Ever-progressive world policy journal The Economist ran a piece about the tragic state of sobriety in the workplace. Their argument boiled down to: Everyone is boring without booze, which while often true, isn’t necessarily something you’d expect to find in The Economist.
Neither is the correction at the bottom of the piece.
As noted by The Atlantic Wire, the correction on The Economist‘s workplace-boozing piece reads:
Correction: An earlier version of this article claimed that journalists at Bloomberg Businessweek could be disciplined for sipping a spritzer at work. This is not true. Sorry.

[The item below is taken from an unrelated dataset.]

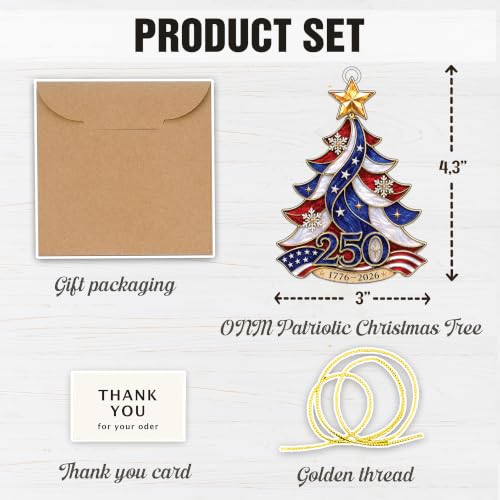 Faythory USA 250th Anniversary Christmas Ornament - Patriotic Tree Decoration, 2026 Commemorative Gift, Red White Blue Stars Snowflakes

We must have been drunk on the job.
As it turns out, eternal editorial wunderkind Josh Tyrangiel had taken to Twitter to rebuff the magazine’s claim that “Hacks at Bloomberg Businessweek can be disciplined for so much as sipping a spritzer” (you should already know this, but “hacks” is British Mugglespeak for “reporters”).
He also gave quote to The Atlantic Wire:
“We love The Economist,” Tyrangiel told us over the phone. “The truth of the matter is that every staffer here has a spritzer two or three times a day, and contrary to what The Economist wrote, there’s no scolding involved.”
Obviously, Tyrangiel was joking: Bloomberg Businessweek staffers don’t really drink on the job.
But Tyrangiel isn’t quoted saying that so take it for what you will.
And there is your Absurdist Correction of the Day.